Une mobilisation internationale contre la Vᵉ République togolaise
Depuis plusieurs semaines, la réforme constitutionnelle au Togo suscite une vague de contestation sans précédent. Un collectif de 43 organisations de la société civile, issues du continent africain et de la diaspora, a adressé une lettre ouverte aux plus hautes instances régionales et internationales. Leur objectif : obtenir des sanctions contre le gouvernement de Lomé pour ce qu’elles qualifient de violation flagrante de l’ordre constitutionnel.
Cette initiative s’appuie sur une décision historique de la Cour de justice de la CEDEAO. Dans son arrêt n° ECW/CCJ/JUD/01/26, la juridiction a statué que la révision constitutionnelle adoptée le 25 mars 2024 bafoue la Charte africaine de la démocratie, des élections et de la gouvernance (CADEG). Pour les signataires, cette réforme représente un détournement institutionnel visant à contourner la limitation des mandats présidentiels.
Pourquoi cette réforme est-elle contestée ?

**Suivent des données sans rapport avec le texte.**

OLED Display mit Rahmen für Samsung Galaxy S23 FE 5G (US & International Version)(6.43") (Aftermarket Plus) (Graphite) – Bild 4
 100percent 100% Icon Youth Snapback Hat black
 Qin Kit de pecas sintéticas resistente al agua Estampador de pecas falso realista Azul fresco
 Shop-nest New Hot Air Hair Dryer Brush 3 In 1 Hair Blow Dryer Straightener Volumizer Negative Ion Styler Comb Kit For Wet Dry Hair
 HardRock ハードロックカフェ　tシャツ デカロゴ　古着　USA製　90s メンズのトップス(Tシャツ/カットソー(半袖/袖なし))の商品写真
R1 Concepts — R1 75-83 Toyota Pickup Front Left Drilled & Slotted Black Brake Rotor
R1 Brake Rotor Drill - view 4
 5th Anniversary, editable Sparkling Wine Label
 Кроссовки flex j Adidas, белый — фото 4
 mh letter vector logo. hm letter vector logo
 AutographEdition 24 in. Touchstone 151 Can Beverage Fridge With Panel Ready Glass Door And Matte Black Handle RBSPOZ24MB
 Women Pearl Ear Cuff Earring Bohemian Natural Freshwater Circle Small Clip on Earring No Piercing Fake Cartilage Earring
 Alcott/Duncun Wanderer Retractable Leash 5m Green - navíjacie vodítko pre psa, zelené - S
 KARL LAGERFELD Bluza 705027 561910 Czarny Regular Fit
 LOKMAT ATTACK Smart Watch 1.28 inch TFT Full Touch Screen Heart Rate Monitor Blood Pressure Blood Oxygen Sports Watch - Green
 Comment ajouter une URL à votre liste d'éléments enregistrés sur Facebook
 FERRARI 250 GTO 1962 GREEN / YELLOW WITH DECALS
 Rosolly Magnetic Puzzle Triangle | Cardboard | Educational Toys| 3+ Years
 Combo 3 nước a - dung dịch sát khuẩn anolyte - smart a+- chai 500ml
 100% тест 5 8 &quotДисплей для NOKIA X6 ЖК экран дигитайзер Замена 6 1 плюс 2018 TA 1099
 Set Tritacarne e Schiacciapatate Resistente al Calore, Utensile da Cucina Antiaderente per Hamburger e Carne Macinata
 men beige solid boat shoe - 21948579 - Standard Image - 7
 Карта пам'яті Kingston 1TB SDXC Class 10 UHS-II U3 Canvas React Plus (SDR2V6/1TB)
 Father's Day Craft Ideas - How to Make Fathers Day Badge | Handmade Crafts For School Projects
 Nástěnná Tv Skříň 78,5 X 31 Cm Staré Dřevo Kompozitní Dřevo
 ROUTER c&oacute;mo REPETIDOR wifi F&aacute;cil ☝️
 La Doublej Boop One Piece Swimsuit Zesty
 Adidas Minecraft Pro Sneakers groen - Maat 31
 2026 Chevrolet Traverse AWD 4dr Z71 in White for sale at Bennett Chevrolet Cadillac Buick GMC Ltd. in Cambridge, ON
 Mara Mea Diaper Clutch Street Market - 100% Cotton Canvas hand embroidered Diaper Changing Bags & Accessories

Les organisations de la société civile pointent plusieurs irrégularités majeures. D’abord, le passage d’un régime présidentiel à un régime parlementaire, où le pouvoir exécutif serait confié à un président du Conseil, est perçu comme une manœuvre pour maintenir le pouvoir en place. Ensuite, elles soulignent que le texte a été adopté par des députés dont le mandat avait expiré, sans consultation populaire ni référendum. Enfin, cette modification constitutionnelle est jugée contraire aux principes démocratiques africains.
Cinq mesures fortes réclamées par la société civile
Pour mettre fin à cette situation et éviter que d’autres pays de la sous-région ne suivent cet exemple, les 43 organisations exigent des actions concrètes de la part de la CEDEAO et de l’Union africaine. Voici leurs cinq principales revendications :
- Suspendre immédiatement le Togo de toutes les instances décisionnelles de la CEDEAO.
- Priver le pays de ses droits de vote au sein de l’Union africaine.
- Engager des poursuites judiciaires contre les responsables de cette réforme constitutionnelle.
- Réévaluer les mandats diplomatiques accordés aux représentants du pouvoir togolais.
- Nommer un Rapporteur spécial des Nations unies pour surveiller la situation des droits humains et la gouvernance au Togo.
La réponse du gouvernement togolais : souveraineté et rejet des accusations
Face à cette pression internationale, les autorités togolaises ont réagi avec fermeté. Dans une déclaration officielle, elles ont rejeté les conclusions de la Cour de justice de la CEDEAO, la jugeant incompétente pour statuer sur la constitutionnalité d’un État membre. Pour Lomé, cette réforme est une affaire de souveraineté nationale, visant à moderniser les institutions du pays.
Les responsables togolais insistent sur le fait que le passage à la Vᵉ République relève exclusivement de leur pouvoir constituant souverain. Ils rejettent toute ingérence étrangère et assurent que cette nouvelle Constitution répond aux besoins de développement et de stabilité du pays.